By Steve Harrison, The Charlotte Observer
Charlotte has an ambitious program to spend tax dollars to land new jobs. But when it comes to revealing information about its incentive programs, the city gets a failing grade, according to a national study.
The Washington D.C.-based group, Good Jobs First, ranked the nation’s 50 largest cities on how much they share with the public about their economic incentive programs. In Charlotte, the city often gives companies tax rebates in exchange for a company relocating to the city or an existing company adding jobs.
The incentives have been used for companies such as Siemens, Electrolux, Chiquita and Republic Services, the trash company. Since 1998, the city and Mecklenburg County have spent $55 million on property tax rebates to land new jobs.
But the report is highly critical of the city for not making information readily available on its website.
Good Jobs First said Charlotte is tied for “dead last” among the 50 biggest cities and counties. It said the city received a “zero” score for failing to disclose even the names of companies receiving subsidies.
“The public should be able to examine the allocation of public money through an equity lens: who is getting public money, for what purpose, where is money being invested, and what is the benefit to the local community?” the report said.

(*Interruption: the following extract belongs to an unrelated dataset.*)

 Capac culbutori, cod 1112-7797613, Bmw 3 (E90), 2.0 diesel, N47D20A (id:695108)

The group said local governments should provide basic information, including the address of a facility that receives subsidies. Providing the address allows people to know whether the business is near public transit – or whether the firm is locating in a low-income area where people need jobs, the report said.
Good Jobs First also said it’s important that governments provide information on the average pay for the subsidized jobs.

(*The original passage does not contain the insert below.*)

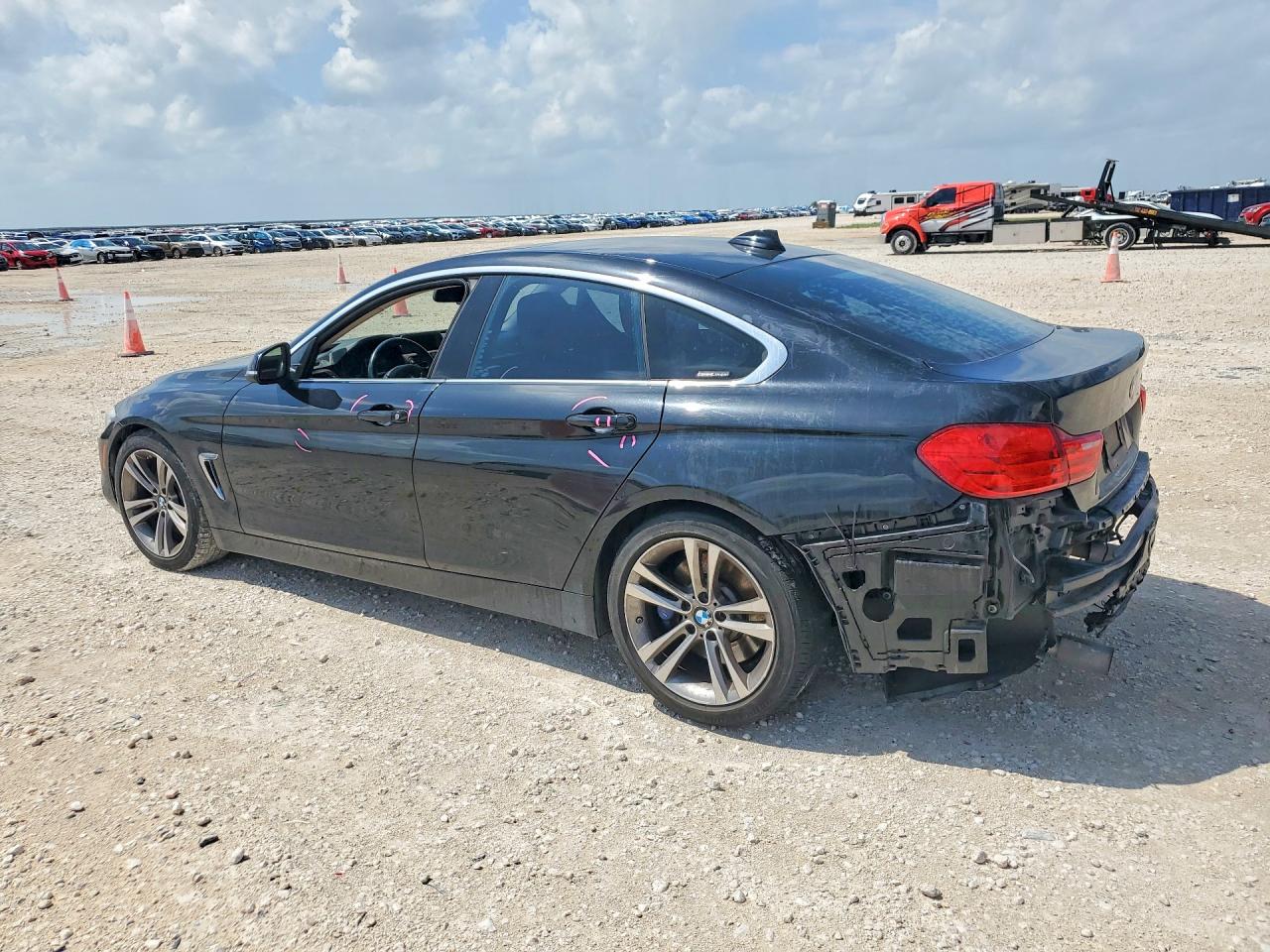 2015 BMW 435 I GRAN COUPE photo 3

“Taxpayers have a right to know if a subsidized company pays so little that its employees remain dependent on social safety net programs (i.e., food stamps, the Earned Income Tax Credit, housing or heating assistance, etc.) or if an employer pays good wages that can fully support a family,” the report said. “Having wage data is also critical to measuring the true costs and benefits of subsidy deals.”
Since the recession, Charlotte and Mecklenburg County have changed their incentive program and are offering subsidies for companies whose average wage is below the area’s average salary, which is just under $49,000.
The city and county have offered subsidies for call center jobs that pay an average of $33,000 and manufacturing jobs that pay less than $30,000.
The city’s and county’s information on subsidies is not off limits to the public, but it’s not easy to find.
Charlotte and Mecklenburg County have released such information to the Observer after the newspaper made public records requests. The incentives are also voted on in open session, and the agenda items offer some basic information, such as the average salary of the new jobs.
Pat Mumford heads the city’s Business Services office, which oversees the city’s economic development programs. He said the city is already considering ways to report more information about its jobs programs, including the success rates.
“We will pursue for that to be more open,” he said. “We aren’t hiding (the information). We just haven’t been as proactive as the study suggests we should be. We will investigate how to do that.”
The report said other cities, including Columbus, Ohio; Dallas, Texas; Indianapolis; Los Angeles; Miami; Philadelphia and Portland had failing grades.